Sense a mechanical action as a varying voltage.

A switch is a special case of a resistor with two states, either near-zero resistance or near-infinite resistance. A resistor in series with a switch is a very common voltage divider construction in which the pull-up resistor can supply a small current through the switch. If the switch is closed, it's resistance is near zero, so the output is connected directly to ground. If the switch is open, the current through the resistor is zero, so there is no voltage drop and the output is pulled up to the supply voltage.

Steps and observations

  1. Measure the exact resistor value.
  2. Measure the supply voltage.
  3. Measure the voltage across the switch in both states.
  4. Measure the current through the resistor in both states. Compare to predictions.
  5. Create a simple switch from wire and use it to sense some kind of mechanical activity. (Keep this simple, this should only take a minute or two.)


The DMM in voltage mode has a very high effective resistance, so it senses a voltage without any significant current flowing through the probes. If the circuit attached to a voltage divider has a resistance closer to the values in the divider, then the analysis is more complicated since current also flows out through the output node. Arduino inputs, both digital and analog, have very high resistance and only very small currents flow into them.

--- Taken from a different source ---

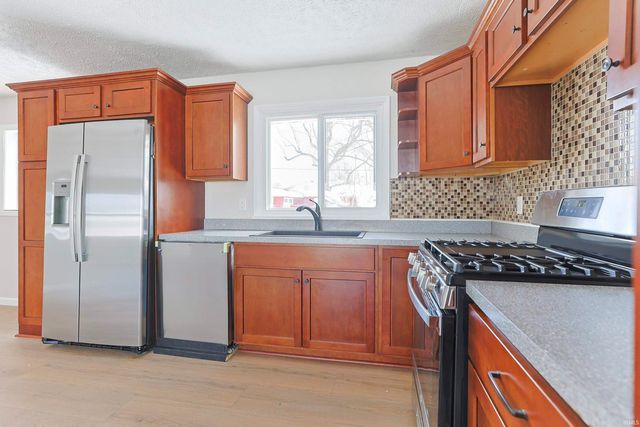 1132 Manchester Drive, South Bend, IN 46615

Note that with the switch closed a current flows through the resistor which is entirely dissipated as heat. The higher the resistor value, the smaller the dissipation. In practice, the resistor value isn't very critical and values from 1K to 100K will work fine with our components. Overall, the higher the value, the lower the power loss, but the weaker the signal available at the output. However, designing electronics for long-life battery operation requires careful attention to minimizing these dissipation losses.